Summary
Motivation is an important part of our lives. Managers seek motivated employees, teaches search for ways to motivate their students, and investigators try to piece together people's motives. Dan Pink discusses the "mismatch between what science knows and what business does."
(Video: TED)
CommentaryThe important distinction in motivation is whether the motivator is intrinsic or extrinsic. Intrinsic motivators are ones that you feel you can control, such as your level of effort, whereas extrinsic motivators are outside of your control: rewards, punishments, etc.

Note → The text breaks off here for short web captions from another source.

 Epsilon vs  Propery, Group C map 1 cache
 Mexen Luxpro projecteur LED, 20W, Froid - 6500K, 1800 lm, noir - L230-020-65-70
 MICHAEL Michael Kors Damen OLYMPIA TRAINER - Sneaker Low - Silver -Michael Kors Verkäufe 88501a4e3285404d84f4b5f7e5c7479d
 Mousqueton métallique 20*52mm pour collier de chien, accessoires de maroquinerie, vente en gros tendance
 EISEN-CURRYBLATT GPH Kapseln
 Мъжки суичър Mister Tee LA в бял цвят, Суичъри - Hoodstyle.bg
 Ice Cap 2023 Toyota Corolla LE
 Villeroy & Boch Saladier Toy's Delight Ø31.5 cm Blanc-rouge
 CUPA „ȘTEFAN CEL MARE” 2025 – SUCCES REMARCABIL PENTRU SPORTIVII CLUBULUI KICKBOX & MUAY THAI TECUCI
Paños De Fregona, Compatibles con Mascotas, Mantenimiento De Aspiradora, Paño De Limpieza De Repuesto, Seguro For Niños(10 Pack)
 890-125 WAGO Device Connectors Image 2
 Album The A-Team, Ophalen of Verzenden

Pink quotes from a 2005 commissioned by the Federal Reserve of Boston called "Large Stakes and Big Mistakes". Some random excerpts (emphasis added):
- "With some important exceptions, we observed that high reward levels can have detrimental effects on performance" (abstract).

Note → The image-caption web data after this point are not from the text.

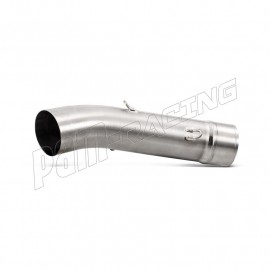 Tube intermédiaire titane pour ligne complète et silencieux Track Day Akrapovic pour R1 2015-2024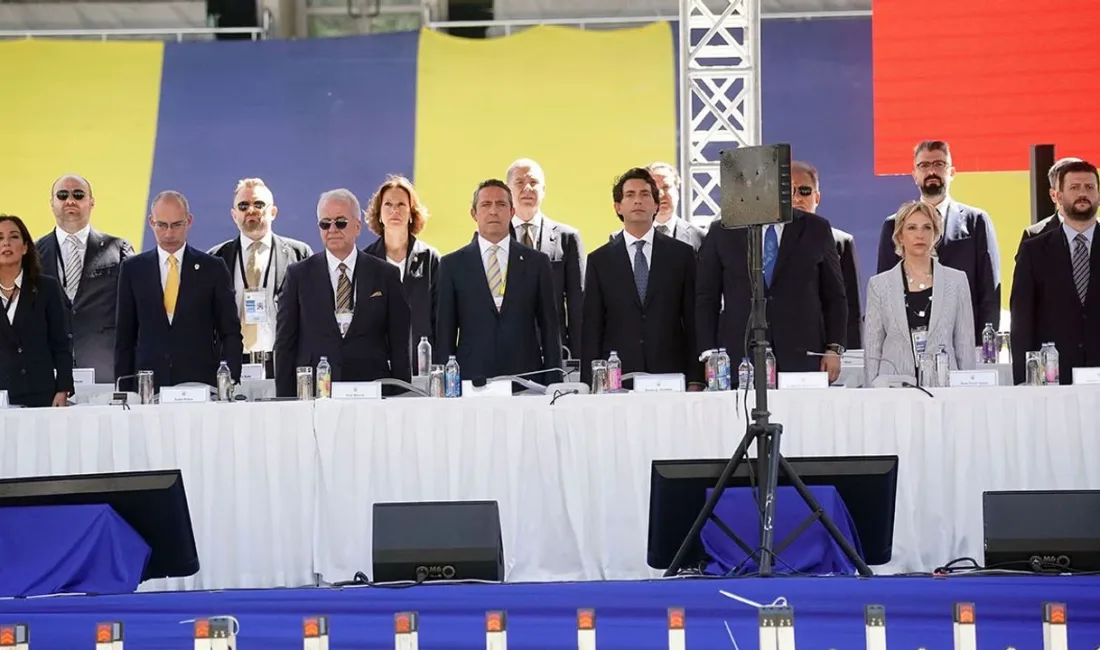 Fenerbahçe Kongresinde Mali İbra Onaylandı Fenerbahçe’de olağanüstü genel kurul devam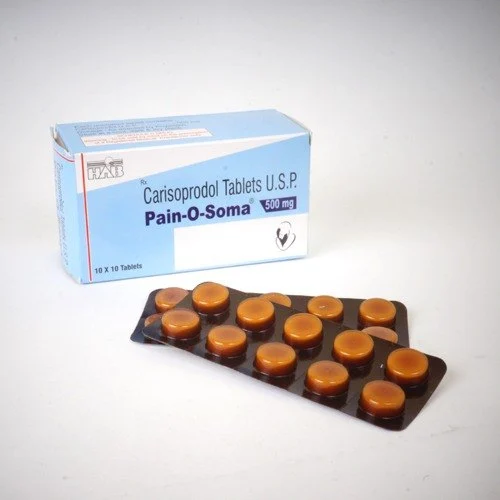 Soma (Carisoprodol) 500mg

- "[O]ne mechanism via which increased motivation can backfire is when it leads to greater self-consciousness" (p. 3).
- "[T]he performance of participants was always lowest in the high-payment condition when compared with the low- and mid-payment conditions together..." (p. 13).
- "Many existing institutions provide very large incentives for exactly the types of tasks we used here – those that require creativity, problem solving, and concentration. Our results challenge the assumption that increases in motivation necessarily lead to improvements in performance" (p. 19).
- "[W]e were surprised by the robustness of the effect..." (p. 19).
How do you cater to people's intrinsic motivations?